Los fantasmas del pasado regresan a veces con fuerza inesperada, quizás porque nunca se convirtieron del todo en fantasmas. Veinte años después de la desaparición de la URSS nos encontramos de nuevo frente a un conflicto en Ucrania que reúne todos los elementos clásicos de la Guerra Fría.
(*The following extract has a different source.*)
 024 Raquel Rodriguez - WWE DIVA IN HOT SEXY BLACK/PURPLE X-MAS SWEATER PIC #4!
La actual situación de crisis tiene su origen en el principio que ya muchos expertos en relaciones internacionales han enunciado, siendo quizás el ya clásico Zbigniew Brzezinski el más conocido. Ucrania es una pieza esencial para la proyección de Rusia hacia Europa. Si el país se alinea de manera clara con los intereses rusos, la vieja aspiración imperial mantendrá sus posibilidades de convertirse en realidad. Pero si se decanta definitivamente hacia Occidente, Rusia verá cerrado su sueño europeo, teniendo que ejecutar una reorientacióin hacia Oriente que, si bien resulta atractiva desde el punto de vista económico y geopolítico, no satisface plenamente las aspiraciones profundas del alma rusa.
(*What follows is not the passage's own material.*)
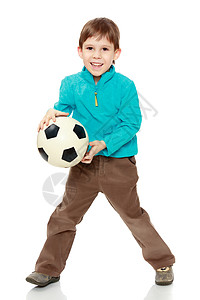 小男孩拿着足球球孩子白色微笑孩子们玩家运动学校游戏背景图片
Vladimir Putin es prácticamente la materialización del dirigente ruso clásico. Empeñado en mostrar fuerza y energía, aparentemente oscuro e inescrutable en su gestión pero previsible en sus reacciones, al menos para los que no están del todo convencidos de la imagen edulcorada que a veces se presenta de las relaciones internacionales en el siglo XXI.

La reacción de Moscú tras el final de los juegos de Sochi no se ha hecho esperar. Y ha seguido un patrón y una argumentación ya conocidos de conflictos anteriores. Protección de las minorías rusas o de la población más identificada con Rusia, acusaciones de desestabilización e ilegitimidad hacia las nuevas autoridades de Kiev, y despliegue de tropas, que de hecho ya estaban presentes sobre el terreno, sin exhibición de distintivos nacionales, creando la duda sobre si se trata de fuerzas rusas o milicias locales.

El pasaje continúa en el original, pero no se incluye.